Start at the line below containing "Flash Furniture - Tabouret" and stop at the line containing "Grencian 96Pcs Red". Repeat every line of that stretch exactly, and nothing outside it.

● Material provided
BEGIN

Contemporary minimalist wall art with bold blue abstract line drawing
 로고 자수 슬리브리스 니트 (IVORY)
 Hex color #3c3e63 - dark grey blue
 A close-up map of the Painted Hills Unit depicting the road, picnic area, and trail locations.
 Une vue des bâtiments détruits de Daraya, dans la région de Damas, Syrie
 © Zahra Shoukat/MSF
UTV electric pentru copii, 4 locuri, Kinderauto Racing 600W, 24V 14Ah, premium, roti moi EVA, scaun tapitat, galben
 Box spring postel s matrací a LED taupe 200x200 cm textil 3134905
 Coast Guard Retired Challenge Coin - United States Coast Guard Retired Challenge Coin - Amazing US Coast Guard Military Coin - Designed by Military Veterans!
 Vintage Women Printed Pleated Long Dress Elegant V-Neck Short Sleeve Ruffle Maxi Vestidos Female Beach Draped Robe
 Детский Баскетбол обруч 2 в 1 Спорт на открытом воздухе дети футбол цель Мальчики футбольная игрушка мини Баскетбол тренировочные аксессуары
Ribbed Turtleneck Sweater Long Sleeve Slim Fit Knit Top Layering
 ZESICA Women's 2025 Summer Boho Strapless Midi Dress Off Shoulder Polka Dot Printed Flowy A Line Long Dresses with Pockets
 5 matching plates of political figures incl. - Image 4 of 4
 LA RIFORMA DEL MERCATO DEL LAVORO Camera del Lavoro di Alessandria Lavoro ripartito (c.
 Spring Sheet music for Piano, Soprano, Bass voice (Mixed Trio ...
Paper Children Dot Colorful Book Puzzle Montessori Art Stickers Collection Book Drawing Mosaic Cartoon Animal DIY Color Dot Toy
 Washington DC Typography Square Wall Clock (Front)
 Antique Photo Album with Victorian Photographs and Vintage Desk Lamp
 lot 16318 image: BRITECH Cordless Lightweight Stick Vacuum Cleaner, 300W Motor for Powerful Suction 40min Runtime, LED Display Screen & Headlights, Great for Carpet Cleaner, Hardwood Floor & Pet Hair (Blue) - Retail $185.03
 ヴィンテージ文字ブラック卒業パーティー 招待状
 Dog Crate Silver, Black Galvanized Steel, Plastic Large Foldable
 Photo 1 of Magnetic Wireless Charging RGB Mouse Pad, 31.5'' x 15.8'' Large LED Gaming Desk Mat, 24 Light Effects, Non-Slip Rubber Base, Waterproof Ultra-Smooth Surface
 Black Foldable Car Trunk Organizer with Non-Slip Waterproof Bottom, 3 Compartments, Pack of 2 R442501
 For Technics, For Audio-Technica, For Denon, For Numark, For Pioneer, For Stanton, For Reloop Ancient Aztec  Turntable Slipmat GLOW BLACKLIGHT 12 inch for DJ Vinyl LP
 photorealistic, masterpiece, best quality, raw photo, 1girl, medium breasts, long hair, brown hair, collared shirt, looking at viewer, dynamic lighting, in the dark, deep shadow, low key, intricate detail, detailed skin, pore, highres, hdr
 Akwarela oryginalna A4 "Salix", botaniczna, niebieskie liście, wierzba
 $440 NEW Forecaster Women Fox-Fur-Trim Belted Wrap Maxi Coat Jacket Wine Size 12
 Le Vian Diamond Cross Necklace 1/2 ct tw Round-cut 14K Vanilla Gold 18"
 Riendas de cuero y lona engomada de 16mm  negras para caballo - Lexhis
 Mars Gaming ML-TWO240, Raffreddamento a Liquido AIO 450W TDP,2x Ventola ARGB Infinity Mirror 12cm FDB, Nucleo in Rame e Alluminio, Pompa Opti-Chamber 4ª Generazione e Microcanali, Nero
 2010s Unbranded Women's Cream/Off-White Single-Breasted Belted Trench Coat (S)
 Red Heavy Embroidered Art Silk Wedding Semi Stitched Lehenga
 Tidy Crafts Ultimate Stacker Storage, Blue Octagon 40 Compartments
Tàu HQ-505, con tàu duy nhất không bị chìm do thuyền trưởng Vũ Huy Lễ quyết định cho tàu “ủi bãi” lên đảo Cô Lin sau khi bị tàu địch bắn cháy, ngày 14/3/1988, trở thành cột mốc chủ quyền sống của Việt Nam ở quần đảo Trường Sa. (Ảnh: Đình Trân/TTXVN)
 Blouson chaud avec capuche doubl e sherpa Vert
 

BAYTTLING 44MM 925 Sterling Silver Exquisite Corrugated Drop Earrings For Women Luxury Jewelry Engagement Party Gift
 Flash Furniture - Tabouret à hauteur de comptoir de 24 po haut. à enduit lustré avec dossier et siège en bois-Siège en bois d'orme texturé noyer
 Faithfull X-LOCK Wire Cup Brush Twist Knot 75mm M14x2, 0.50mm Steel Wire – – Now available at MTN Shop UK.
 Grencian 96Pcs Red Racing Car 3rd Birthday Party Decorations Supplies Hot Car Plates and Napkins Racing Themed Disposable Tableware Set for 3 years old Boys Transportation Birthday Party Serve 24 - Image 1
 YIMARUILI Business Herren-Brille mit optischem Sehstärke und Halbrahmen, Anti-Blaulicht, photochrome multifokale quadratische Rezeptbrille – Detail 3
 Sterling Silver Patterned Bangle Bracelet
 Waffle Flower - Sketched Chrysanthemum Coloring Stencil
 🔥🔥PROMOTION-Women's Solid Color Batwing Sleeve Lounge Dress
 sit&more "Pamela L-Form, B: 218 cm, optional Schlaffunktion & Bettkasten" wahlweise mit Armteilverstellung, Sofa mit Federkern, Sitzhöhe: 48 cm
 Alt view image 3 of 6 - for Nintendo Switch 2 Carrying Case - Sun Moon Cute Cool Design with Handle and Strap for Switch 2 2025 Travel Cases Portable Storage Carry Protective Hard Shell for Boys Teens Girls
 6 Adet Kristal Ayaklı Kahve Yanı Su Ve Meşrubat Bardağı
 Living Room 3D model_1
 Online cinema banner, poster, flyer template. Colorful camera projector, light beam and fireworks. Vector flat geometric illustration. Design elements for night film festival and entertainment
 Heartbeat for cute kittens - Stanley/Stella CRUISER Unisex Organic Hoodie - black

END

● Answer for the task
 Flash Furniture - Tabouret à hauteur de comptoir de 24 po haut. à enduit lustré avec dossier et siège en bois-Siège en bois d'orme texturé noyer
 Faithfull X-LOCK Wire Cup Brush Twist Knot 75mm M14x2, 0.50mm Steel Wire – – Now available at MTN Shop UK.
 Grencian 96Pcs Red Racing Car 3rd Birthday Party Decorations Supplies Hot Car Plates and Napkins Racing Themed Disposable Tableware Set for 3 years old Boys Transportation Birthday Party Serve 24 - Image 1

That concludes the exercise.